Stets einen Platz auf dem deutschen Buchmarkt finden historische Werke über die NS-Diktatur; dieses Jahr waren in dem Segment besonders eindrücklich Ruth Hoffmanns „Das deutsche Alibi. Mythos „Stauffenberg-Attentat“ – wie der 20. Juli 1944 verklärt und politisch instrumentalisiert wird“ (Goldmann) sowie die umfassende Studie von Tatjana Tönsmeyer „Unter deutscher Besatzung. Europa 1939-1945“ (C.H. Beck). Außerdem ließ sich das Thema durch eine Verschiebung des Blicks auf den Beginn der NS-Zeit auch mit den aktuellen Ängsten über die Fragilität unserer Demokratie verbinden, so etwa bei Volker Ullrich ("Schicksalsstunden einer Demokratie. Das aufhaltsame Scheitern der Weimarer Republik“, C.H. Beck) und Jens Bisky („Die Entscheidung. Deutschland 1929 bis 1934“, Rowohlt). Etwas randständiger aber faszinierend der Band des jüngst verstorbenen
Lutz Hachmeister: „Hitlers Interviews. Der Diktator und die Journalisten“ (Kiepenheuer & Witsch), der zu dem die Gegenwart ebenfalls interessierenden Schluss kommt: Interviews mit Autokraten bringen stets der Allgemeinheit weniger Einsichten als sie den Diktatoren jeweils propagandistisch nützen.

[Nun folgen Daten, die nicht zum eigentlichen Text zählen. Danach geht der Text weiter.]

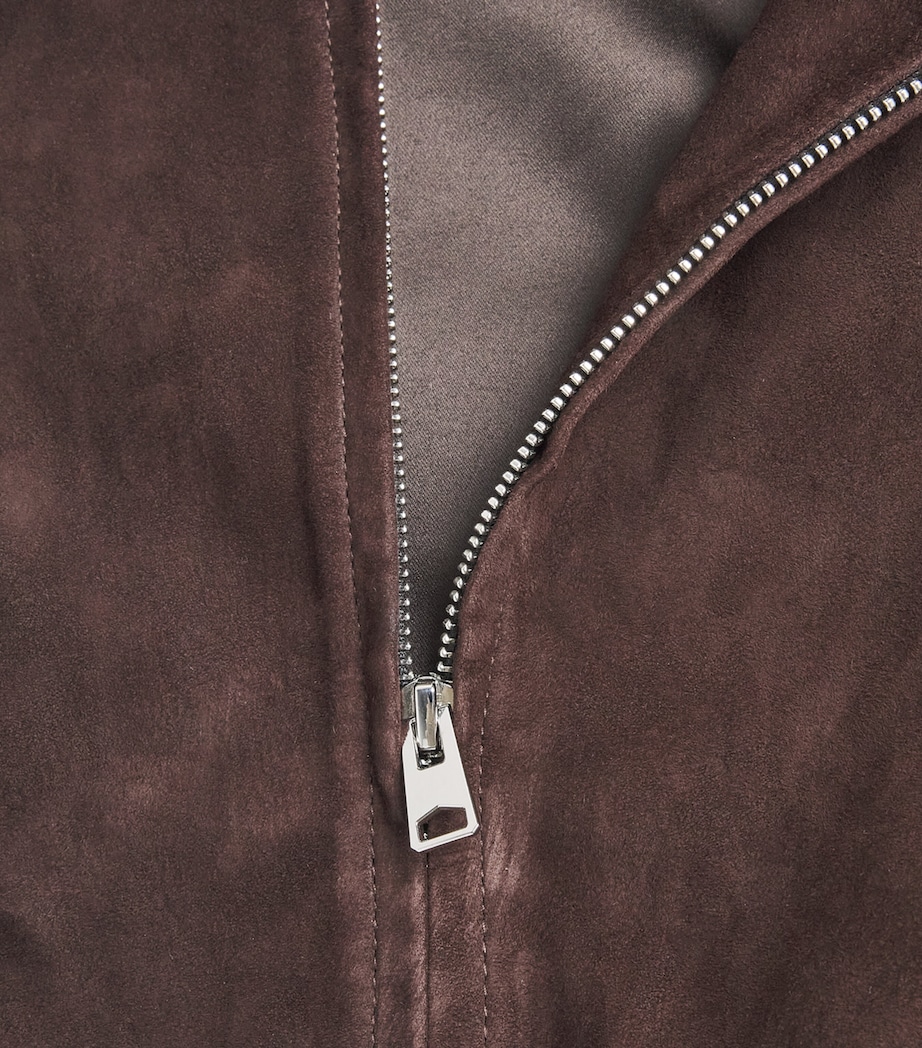 CHAROUX Womens Suede Mimi Cropped Jacket Choc Brown Image 6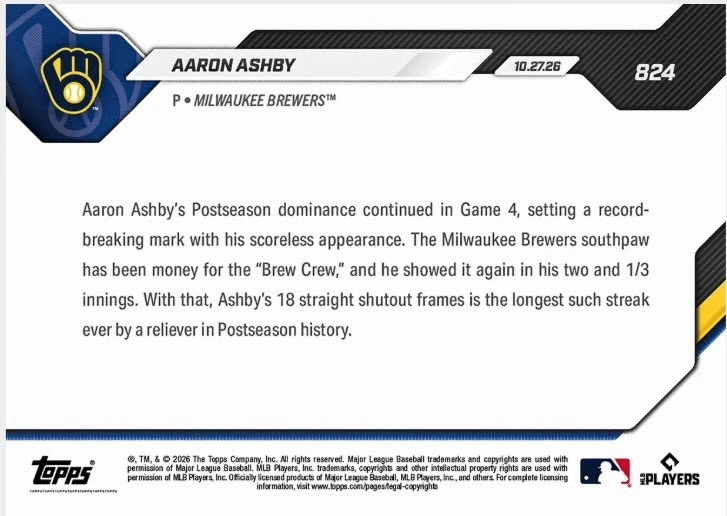 Aaron Ashby 2026 MLB TOPPS AHORA 824 preventa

Ganz undiktatorisch schließlich die Autobiographien noch lebender Politiker. Viel gelobt die „Erinnerungen. Mein Leben in der Politik“ von Wolfgang Schäuble (Klett-Cotta). Und mit größtmöglicher Spannung erwartet, der vorläufige Höhepunkt des Sachbuch-Jahres 2024: die Ende November erschienen Memoiren von Angela Merkel (zs. mit Beate Baumann): "Freiheit. Erinnerungen 1954-2021“ (Kiepenheuer & Witsch). Eine Mischung aus feinfühligen Kindheitserinnerungen und mangelnder politischer Selbstkritik, wie Navid Kermani in der Zeit befand.
 

Hübl, Mounk, Willaschek © Siedler, © KLett-Cotta © C.H. Beck

Und sonst so?

Das Thomas Mann Jahr 2025 fing schon im Herbst 2024 an, sich warm zu laufen (Kai Sina: "Was gut ist und was böse. Thomas Mann als politischer Aktivist“, Propyläen; Heinrich Breloer: "Ein tadelloses Glück. Der junge Thomas Mann und der Preis des Erfolgs“, DVA; Oliver Fischer: "«Man kann die Liebe nicht stärker erleben». Thomas Mann und Paul Ehrenberg“, Rowohlt).

Zum Klima wurde auch im Angesicht zunehmender Handlungsohnmacht wieder viel Interessantes und Kritisches geschrieben (Jens Beckert: "Verkaufte Zukunft. Warum der Kampf gegen den Klimawandel zu scheitern droht“, Suhrkamp; Bernhard Kegel: "Mit Pflanzen die Welt retten. Grüne Lösungen gegen den Klimawandel", DuMont; Eva Horn: "Klima. Eine Wahrnehmungsgeschichte", Fischer; Armin Nassehi: "Kritik der großen Geste. Anders über gesellschaftliche Transformation nachdenken", C.H. Beck)

Zahlreiche Bücher brachten dem (noch) lesenden Publikum außerdem Chancen, Risiken oder schlicht Funktionen der Künstlichen Intelligenz nahe, höchst gelungen hier etwa Eva Weber-Guskars „Gefühle der Zukunft. Wie wir mit emotionaler KI unser Leben verändern“ (Ullstein).

Ach ja, und zeitlos-schöne Sachen gab es natürlich auch, wie immer. Mich zum Beispiel haben einige elegante Essays glücklich gemacht: Lorenz Engis weiter Bogen von der Entzauberung der Welt bis zum Phänomen Trump ("Die Dramatisierung der Welt. Über Illiberalismus", Claudius); Björn Vedders witzige und bissige Abrechnung mit dem Landleben, das „gemein“ macht ("Das Befinden auf dem Lande. Verortung einer Lebensart", HarperCollins); oder auch Martin Scherers stilistisch brillante Fortsetzung seiner fortgesetzten Beschäftigung mit und Faszination für weitgehend vergessene Sekundärtugenden ("Takt. Über Nähe und Distanz im menschlichen Umgang", zu Klampen).


Catherine Newmark ist promovierte Philosophin und arbeitet als Kulturjournalistin in Berlin. Unter anderem ist sie beim Deutschlandfunk Kultur Redakteurin für geisteswissenschaftliches Sachbuch und für Philosophie sowie Moderatorin der Philosophie-Sendung "Sein und Streit".